(Beginning of Supplied data)
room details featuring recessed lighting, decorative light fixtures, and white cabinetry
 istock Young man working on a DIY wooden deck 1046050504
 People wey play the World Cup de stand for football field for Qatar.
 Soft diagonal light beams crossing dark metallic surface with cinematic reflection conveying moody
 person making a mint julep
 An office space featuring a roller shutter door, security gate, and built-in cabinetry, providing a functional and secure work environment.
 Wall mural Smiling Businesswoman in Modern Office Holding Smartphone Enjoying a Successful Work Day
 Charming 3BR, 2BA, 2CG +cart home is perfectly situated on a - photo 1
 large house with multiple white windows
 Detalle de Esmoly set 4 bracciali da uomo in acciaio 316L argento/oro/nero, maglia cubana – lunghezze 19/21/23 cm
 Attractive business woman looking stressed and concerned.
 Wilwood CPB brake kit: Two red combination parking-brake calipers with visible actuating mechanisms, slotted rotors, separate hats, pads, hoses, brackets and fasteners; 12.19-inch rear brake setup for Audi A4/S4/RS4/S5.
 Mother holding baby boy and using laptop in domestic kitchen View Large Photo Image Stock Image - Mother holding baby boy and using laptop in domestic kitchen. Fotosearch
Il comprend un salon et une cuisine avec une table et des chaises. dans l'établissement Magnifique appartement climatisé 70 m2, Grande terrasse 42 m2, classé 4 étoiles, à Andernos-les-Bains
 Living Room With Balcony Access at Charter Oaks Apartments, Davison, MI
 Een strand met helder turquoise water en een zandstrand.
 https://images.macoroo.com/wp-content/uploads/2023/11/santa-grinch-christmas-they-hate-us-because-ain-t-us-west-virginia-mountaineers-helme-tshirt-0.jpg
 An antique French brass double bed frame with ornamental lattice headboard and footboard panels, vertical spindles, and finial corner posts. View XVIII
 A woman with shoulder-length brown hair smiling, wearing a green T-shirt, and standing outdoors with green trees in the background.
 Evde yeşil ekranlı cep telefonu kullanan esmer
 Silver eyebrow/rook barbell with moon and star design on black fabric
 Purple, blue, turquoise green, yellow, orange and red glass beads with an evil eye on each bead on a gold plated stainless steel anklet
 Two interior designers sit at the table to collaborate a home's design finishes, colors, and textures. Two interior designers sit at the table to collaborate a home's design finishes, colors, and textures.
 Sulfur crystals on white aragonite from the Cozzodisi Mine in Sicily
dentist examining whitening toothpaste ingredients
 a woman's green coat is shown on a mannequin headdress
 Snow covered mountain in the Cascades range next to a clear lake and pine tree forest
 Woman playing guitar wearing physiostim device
(End of Supplied data)
Would you count the lines in the data that contain "cabinetry" and answer with only the number?

** Solution for this problem **
2